Uruguay was once considered one of the most liberal countries in Latin America. For many (too many) it still is. Its recent marijuana decriminalization (sort of), its openness to same-sex marriage and its legal abortion policies might well make you think my home country is indeed a paradigm for individual liberties. Sadly, not all that glitters is gold.
Doesn’t it break your (libertarian) heart to realize something was too good to be true? Well, in Uruguay, heartbreak has become a bit of a habit – and it only gets worse.
Given my pathological optimism, I would like to start by taking a glimpse at the bright side. Yes, you can marry your same-sex partner here. Yes, ladies, you own your body and you are not forced to keep anything inside your uterus in Uruguay. Yes, potheads, you are free to have as many plants as you wish in your backyard. Well, about this last one… it’s so – not – true that it physically hurts.
Cannabis decriminalization in Uruguay could actually be called “over-regulated, statist alternative to black market marijuana that hasn’t been fully put into practice yet, so I’m sticking with the black market.” I understand that for many this is a positive step, but state monopolies in Uruguay are wearing us out, and it won’t be any different – at least not in the short-term – with cannabis.
In this obscure and confusing scenario, our re-elected socialist president Tabaré Vázquez stated, while he was still a candidate, that he was willing to consider cocaine as the next drug to be legalized. Then again, too much of a good thing in a quite leftist country where the concept of free-market is demonized, despised and, of course, not very well understood by the government.
The reality is that this so-called drug decriminalization is just as much a trend to monitoring and regulating to the extreme its users. But this your-business-is-my-business attitude doesn’t break our exposed hearts anymore. No! Not in the land of “El Guardián.”
El Guardián (The Guardian, just in case) is a massive surveillance programme to spy and monitor private communication of individuals, designed by… you guess it, come on, give it a try… Yes! Our super “progressive” government. El Guardián will start working in early April, according to our Minister of Internal Affairs, Eduardo Bonomi. It’s currently described by the press as “a kind of Big Brother” that has the unique ability to listen to every single phone conversation and to read e-mails and social network activities.

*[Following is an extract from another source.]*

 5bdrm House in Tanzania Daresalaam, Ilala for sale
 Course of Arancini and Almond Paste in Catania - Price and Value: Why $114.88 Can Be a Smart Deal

But wait, it gets worse: El Guardián was a Secret of State until the press revealed it back in July, 2013. Bonomi might now defend it publicly, but El Guardián was intended to be confidential.
Liberal paradise, huh? At least we get to eat whatever we want, and well, we will always have booze! I did warn you about my pathological optimism, didn’t I?
Last year, the Director of Health of our City Hall, Pablo Anzalone, proposed to remove salt, ketchup and mayonnaise from restaurants’ tables because they might harm us. It is the consumer, according to Anzalone, who has to kindly ask for such spices to waiters, but they shouldn’t be in plain sight (the children! Doesn’t anybody think of the children anymore?!). The word “prohibition” is, obviously, discarded, and they want us to see this initiative as “education” or “health awareness.”
In the same line of action, and on his first day as a president (he didn’t even wait!), Vázquez announced a measure to take care of us, sick, uneducated individuals: super taxes on alcohol. Limited advertising for alcoholic drinks. Compulsory special licences for those stores which intend to sell liquors.
Wait! Wasn’t that the guy who claimed to be considering to legalize cocaine… in the middle of a presidential race? Oh. Right.
Uruguay was, indeed, one of the most liberal countries in Latin America. We were pioneers in world-changing areas such as women’s suffrage (1917) and it has also been a secular country since 1918.
If everything goes well, I might be able to get some pot in a drug store (although, then again, nothing is certain yet). I won’t be missed in the black market, though: I’ll go there for beer and ketchup.